### PROVIDED RECORDS:
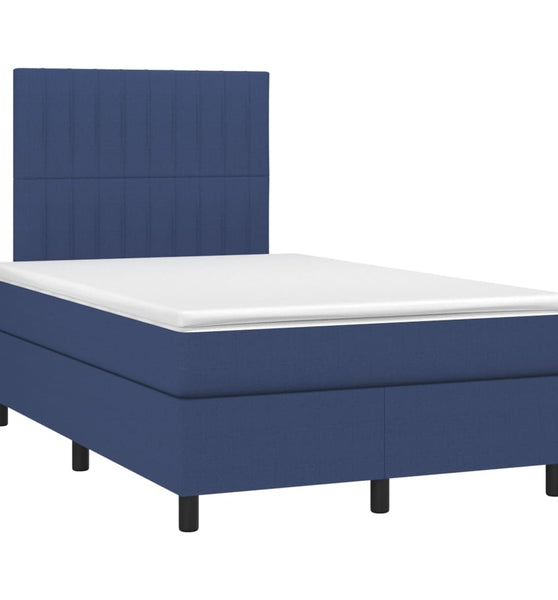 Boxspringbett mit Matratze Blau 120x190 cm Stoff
* * *
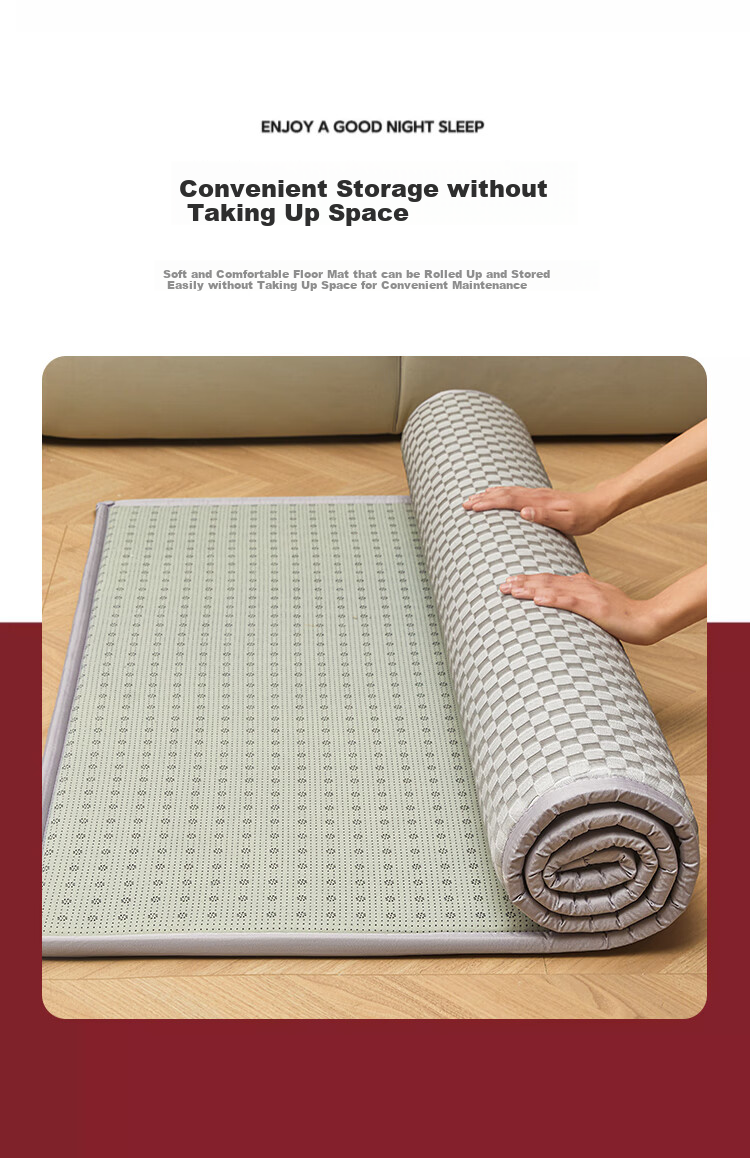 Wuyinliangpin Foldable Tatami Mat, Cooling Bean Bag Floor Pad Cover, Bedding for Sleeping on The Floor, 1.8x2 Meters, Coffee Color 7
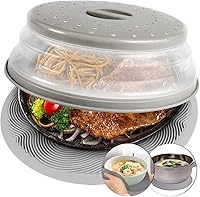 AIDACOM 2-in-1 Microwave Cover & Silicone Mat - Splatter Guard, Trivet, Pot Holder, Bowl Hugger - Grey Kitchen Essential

### WORK TASK:
Give the lines above again exactly, from the one containing "Wuyinliangpin Foldable Tatami" to the one containing "AIDACOM 2-in-1 Microwave", both included, but leave out the pictures.

### WORKED SOLUTION:
 Wuyinliangpin Foldable Tatami Mat, Cooling Bean Bag Floor Pad Cover, Bedding for Sleeping on The Floor, 1.8x2 Meters, Coffee Color 7
 AIDACOM 2-in-1 Microwave Cover & Silicone Mat - Splatter Guard, Trivet, Pot Holder, Bowl Hugger - Grey Kitchen Essential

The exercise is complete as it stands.